2025 Game Week 11: Chalk and Differentials

By: The Fantasy Physician

With ten weeks of Fantasy Strategy Clinic articles under your belt, you are starting to get the hang of this game. Look for good matchups. Find the strong players with high floors and ceilings on the teams with those good matchups. List out the players in the positions you are interested in. Get a lineup together. On Monday morning after the game unlocks, you do just that and then start to gather more information about your picks. Maybe you listen to the MLS Fantasy Insider Podcast or hop on the MLS Fantasy Boss Discord to see what other thoughtful players have come up with. Lo and behold, some squads look almost exactly like yours. And that makes you wonder: is this an affirmation of sound thinking and analysis? Or is your thinking just conventional and unimaginative (or even naïve)? How are you going to improve your rank if your squad looks just like every other managers’? Should you take players “just to be different?”

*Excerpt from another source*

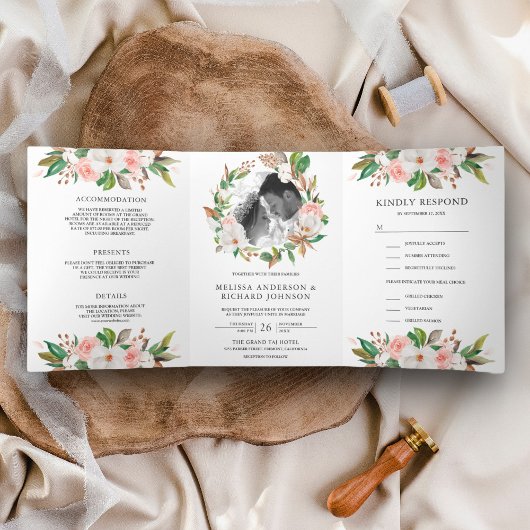 ホワイトマグノリア赤面ピンクフローラ結婚リース 三つ折り招待状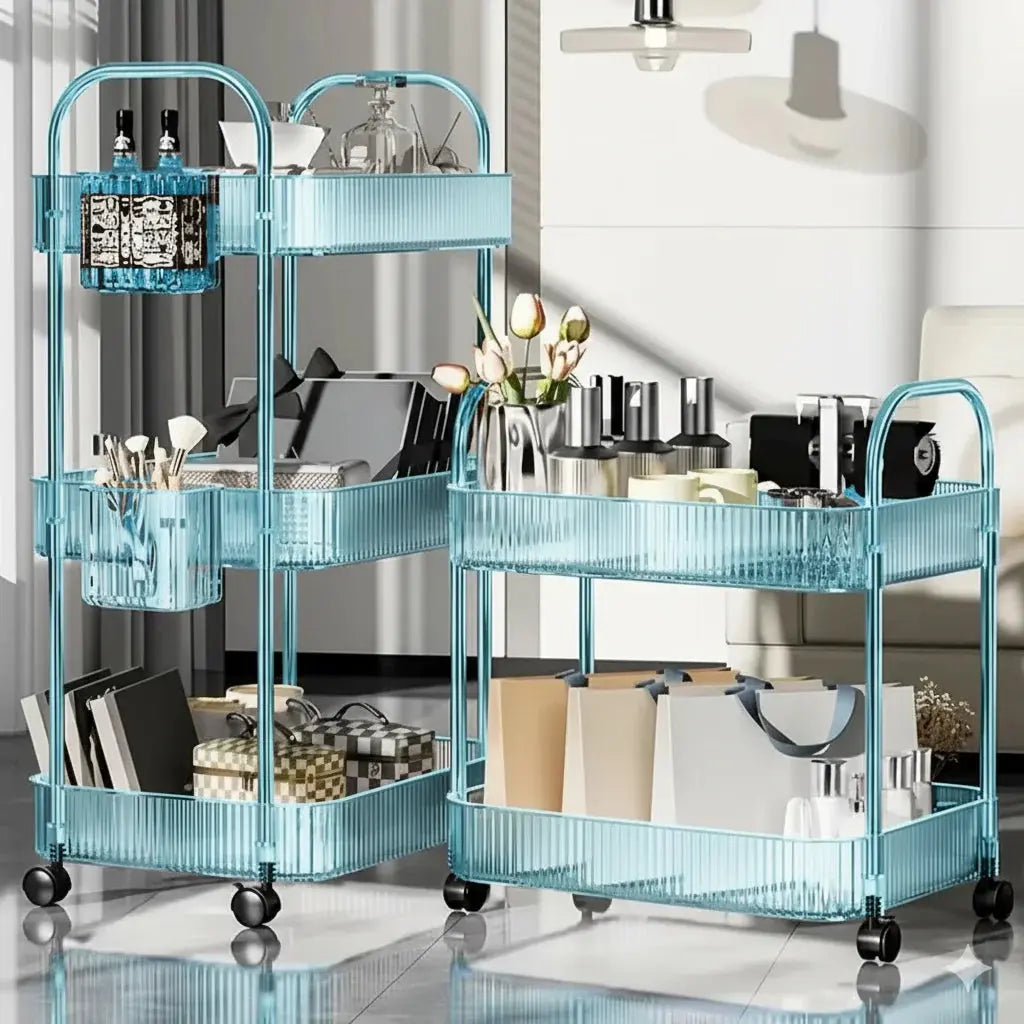 Multifunctional Transparent Storage Box Cart with360° Rotating Wheels – Acrylic Tiered Rack Trolley for Home & Office Marhaba international 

Grappling with these questions, you are now delving into what the community that discusses these things call “Chalk” and Differentials?

What is “Chalk?”

Last week 97 out of the top 100 managers had Evander on their squads and most of those (68 of those 97) had him captained. We say then that in week 10, Evander was “chalk.”  Per The Athletic, the term originated in the world of horse racing in the pre-digital era; favored horses were listed on a chalkboard so that the ever-changing odds on them could be rewritten as bets accrued. Collectively, “chalk” represents the set of players with high actual or projected ownership in each week based on a widespread high expectation of their chances to provide a good return in fantasy points. Good managers – without consulting each other – mostly know who the chalk players are based on simple knowledge of the players with the highest averages and the rudiments of their matchup qualities. As awareness that Lionel Messi – ordinarily the chalkiest – was likely to rest between midweek games in a difficult CONCACAF Champions Cup semifinal home-and-away, Evander’s ownership and captaincy only grew; he was the standard bearer for week 10 chalk. Kai Wagner, playing in defense against a defanged DC United, was also chalk. Chalk in a given community of managers also evolves as managers discuss the merits of certain players. The choices of important opinion leaders – such as the hosts and guests on the MLS Fantasy Insider podcast, the writer of the weekly Positional Rankings article, and others – may further refine the list. The rational or irrational conversations in the Discord may influence chalk further. At each position, the number of chalky players may exceed the number of slots managers have available.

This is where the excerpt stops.